Data shown
☆ ☆ ☆ ☆

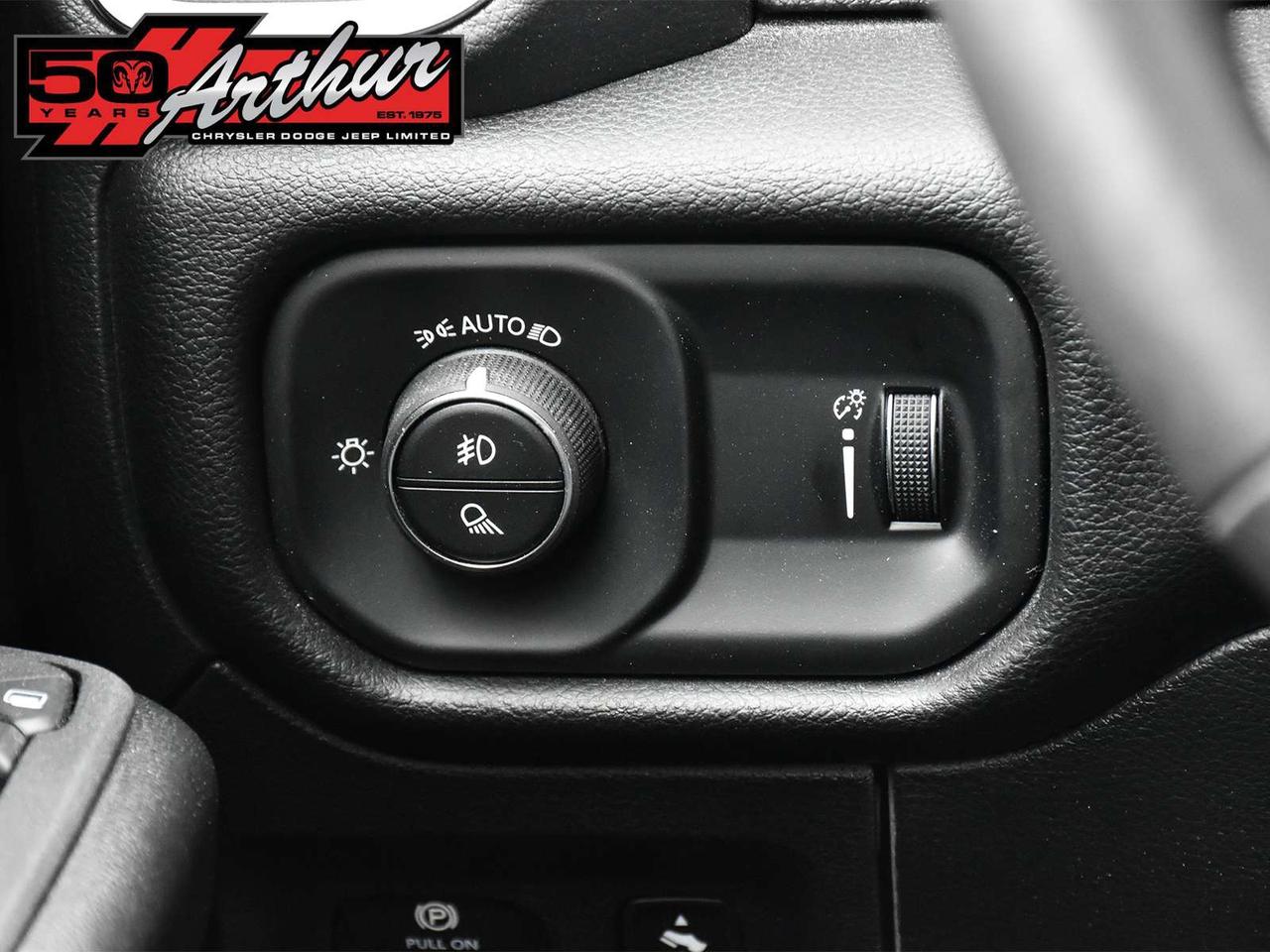2025 RAM 1500 BIG HORN CREW CAB 4X4 Photo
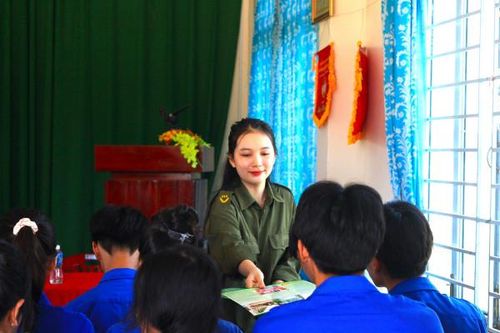 Những 'bông hồng thép' ở cơ sở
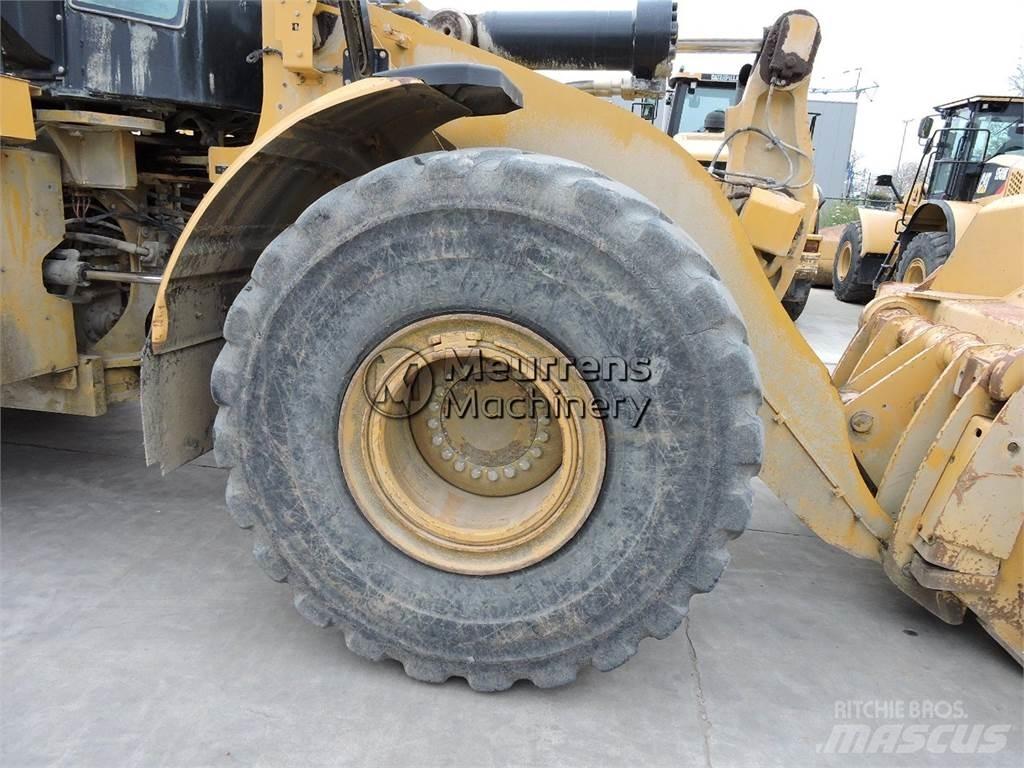 CAT 972M Iekrāvēji uz riteņiem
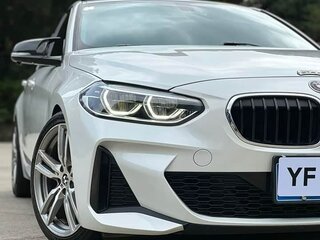 2019 BMW 1 серии 120i III (F52) Рестайлинг, белый, 1250002 рублей, вид 5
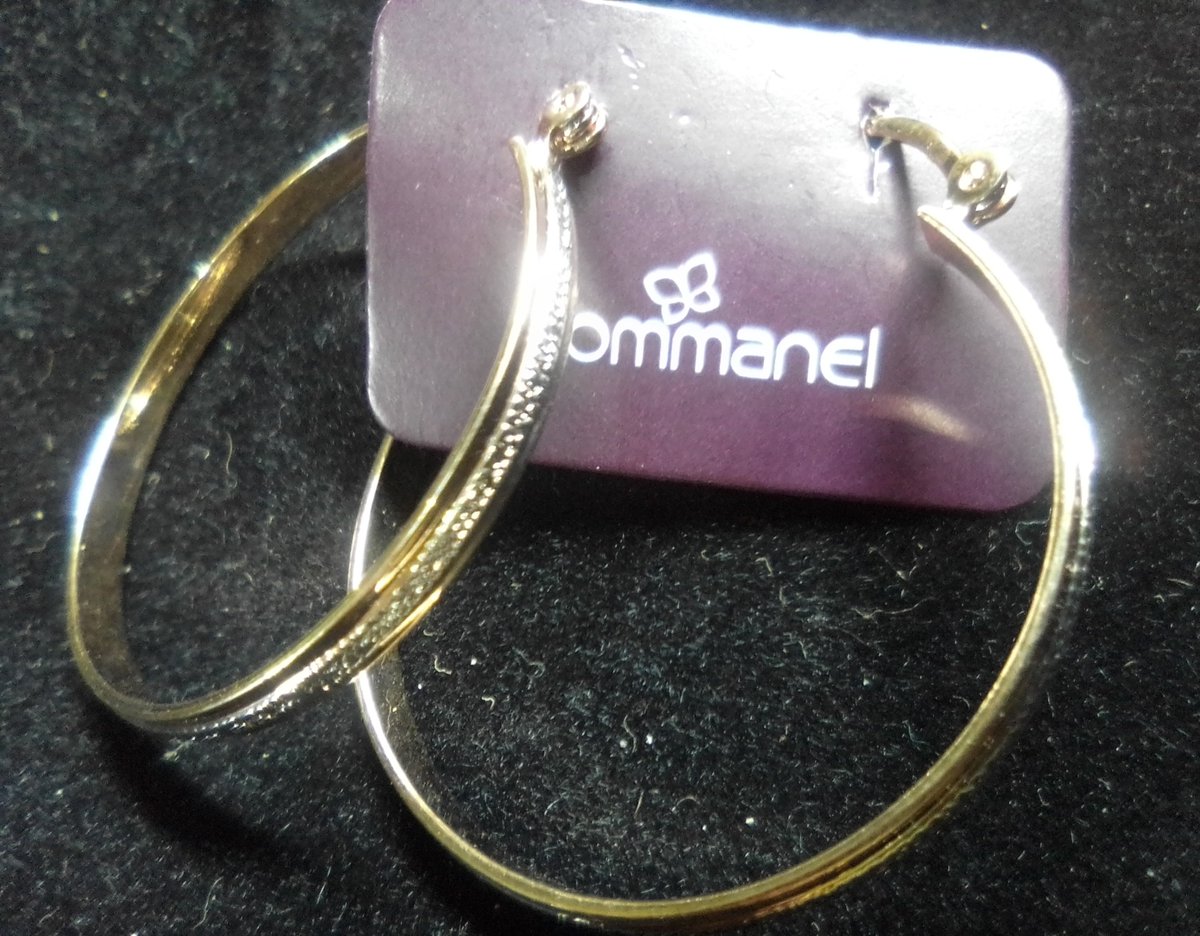 Cosmeticos_TM's tweet photo. Ref. 5262870000. R$ 154,40
🦋Argola com filete trabalhado
🎉Pronta-entrega! 

👉🏾Chame inbox
#rommanel #autoestima #joias  #folheadoaouro #argolas  #visual  #cosmeticosetudomais #paradaideal #guapimirim #riodejaneiro #saopaulo https://t.co/oqwC5qSCeN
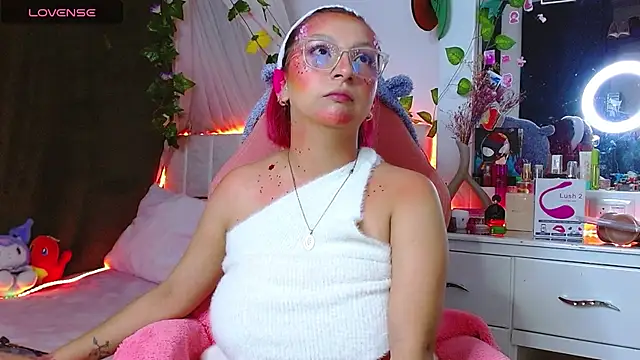 Littlerouse  online show from November 1, 2025, 1:12 am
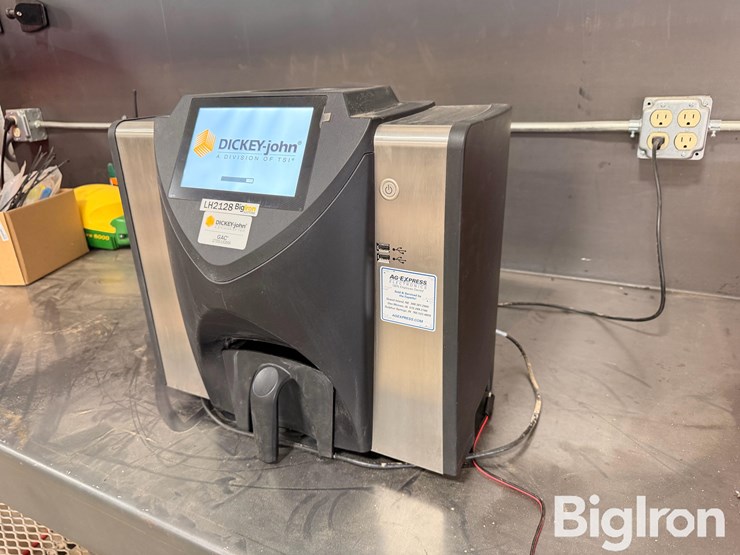 dickey-john-gac2700-ugma-grain-moisture-tester-image-1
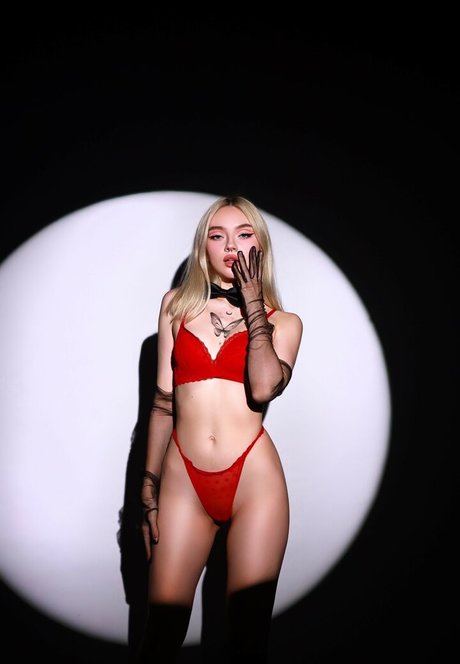 adelewilson__ 裸のスター ギャラリー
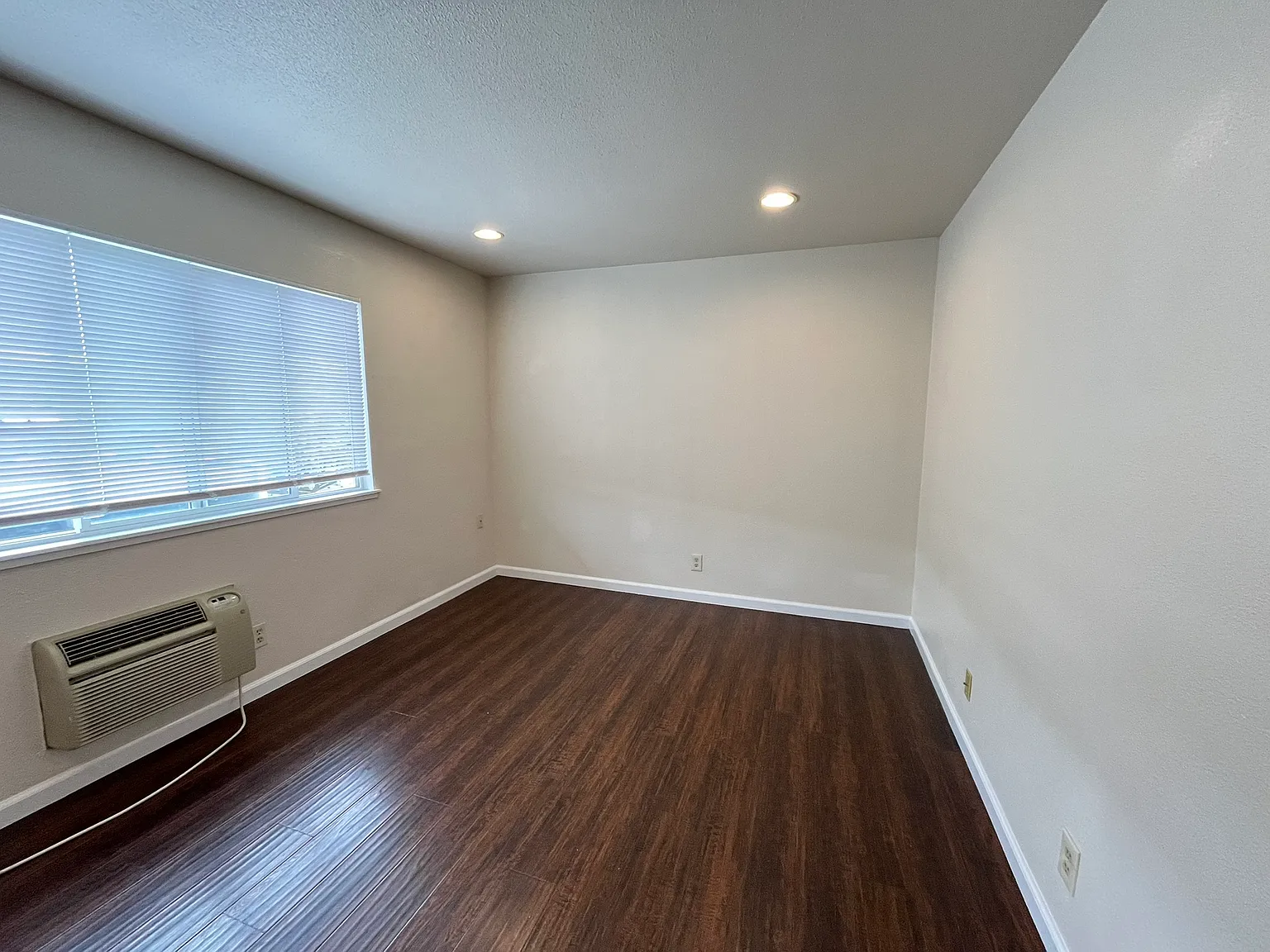 2 bed, 750 sqft, $1,850 — Photo 3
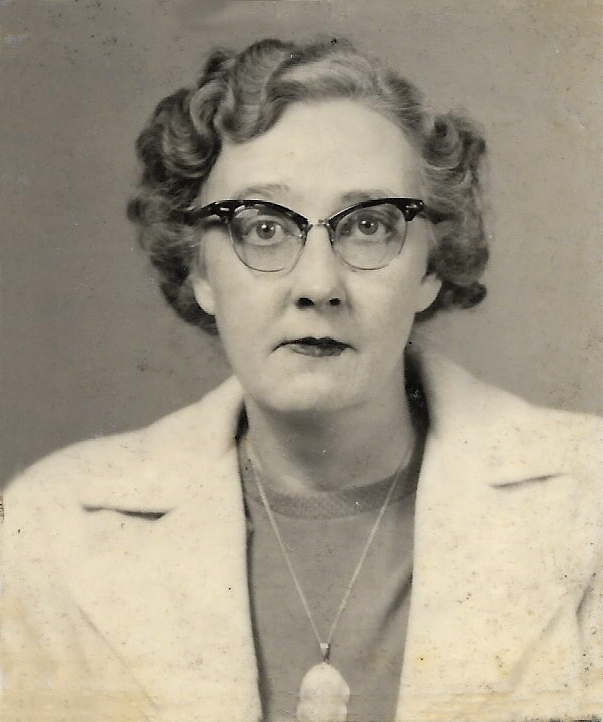 Photo of photos/Edith MacLennan nee Sims c1958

☆ ☆ ☆ ☆

Task instructions
Any picture in the listing is to be omitted. Return exactly the lines from the one containing "Cosmeticos_TM's tweet photo." through its last line, both included, and only those.

Finished task
 Cosmeticos_TM's tweet photo. Ref. 5262870000. R$ 154,40
🦋Argola com filete trabalhado
🎉Pronta-entrega! 

👉🏾Chame inbox
#rommanel #autoestima #joias  #folheadoaouro #argolas  #visual  #cosmeticosetudomais #paradaideal #guapimirim #riodejaneiro #saopaulo https://t.co/oqwC5qSCeN
 Littlerouse  online show from November 1, 2025, 1:12 am
 dickey-john-gac2700-ugma-grain-moisture-tester-image-1
 adelewilson__ 裸のスター ギャラリー
 2 bed, 750 sqft, $1,850 — Photo 3
 Photo of photos/Edith MacLennan nee Sims c1958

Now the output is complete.